• What to do
The required output consists solely of the lines from the top of the listing through the line containing "Car Charger ABS", transcribed exactly.

• Dataset records
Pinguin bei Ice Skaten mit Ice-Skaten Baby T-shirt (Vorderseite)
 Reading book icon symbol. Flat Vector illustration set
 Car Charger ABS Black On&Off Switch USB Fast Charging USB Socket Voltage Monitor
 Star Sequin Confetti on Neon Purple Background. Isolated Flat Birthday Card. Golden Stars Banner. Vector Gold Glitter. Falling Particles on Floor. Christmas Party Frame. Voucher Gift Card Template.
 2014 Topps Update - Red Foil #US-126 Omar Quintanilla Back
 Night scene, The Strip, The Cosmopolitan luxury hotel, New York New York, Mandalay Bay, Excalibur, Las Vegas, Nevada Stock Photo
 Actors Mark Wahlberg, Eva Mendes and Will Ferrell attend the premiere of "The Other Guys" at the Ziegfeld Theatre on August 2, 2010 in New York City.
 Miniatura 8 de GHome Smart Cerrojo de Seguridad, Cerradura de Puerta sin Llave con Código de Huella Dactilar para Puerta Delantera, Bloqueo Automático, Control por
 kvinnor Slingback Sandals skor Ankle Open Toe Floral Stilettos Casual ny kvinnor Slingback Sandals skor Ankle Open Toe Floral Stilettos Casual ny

• Result
Pinguin bei Ice Skaten mit Ice-Skaten Baby T-shirt (Vorderseite)
 Reading book icon symbol. Flat Vector illustration set
 Car Charger ABS Black On&Off Switch USB Fast Charging USB Socket Voltage Monitor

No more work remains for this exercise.